#### WORK REQUEST
Leaving out every picture, quote the data below exactly as it appears.

#### PROVIDED DATA

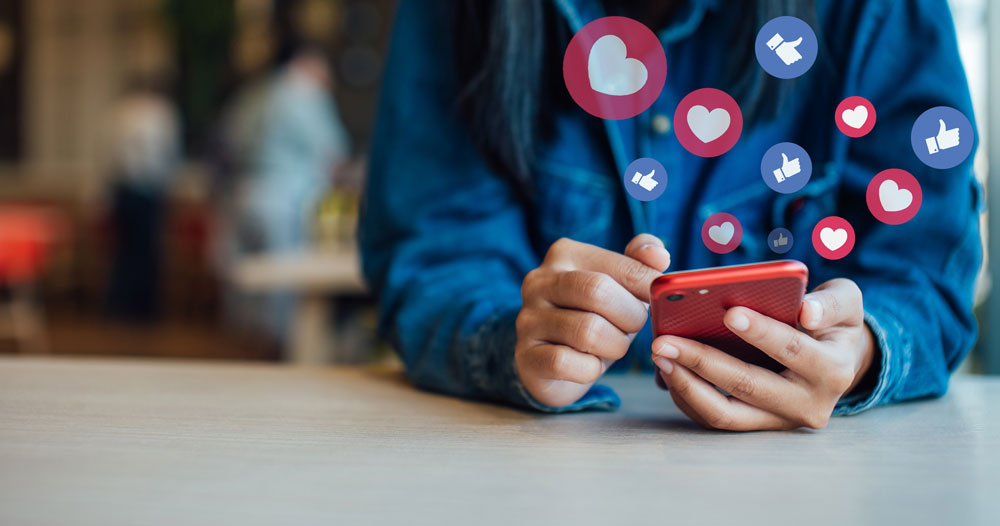 A person holds a smartphone as illustrations of hearts and likes float from the screen.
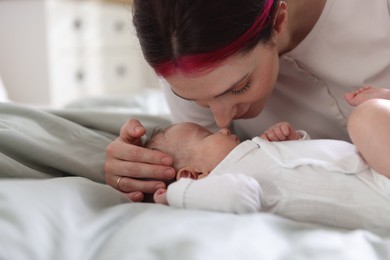 Photo of Mother putting her cute newborn baby to sleep on bed at home, closeup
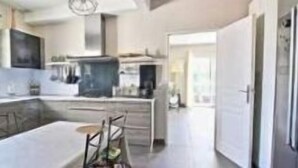 A modern kitchen with a central island, built-in appliances, and a large window providing natural light.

#### WRITTEN RESPONSE
 A person holds a smartphone as illustrations of hearts and likes float from the screen.
 Photo of Mother putting her cute newborn baby to sleep on bed at home, closeup
 A modern kitchen with a central island, built-in appliances, and a large window providing natural light.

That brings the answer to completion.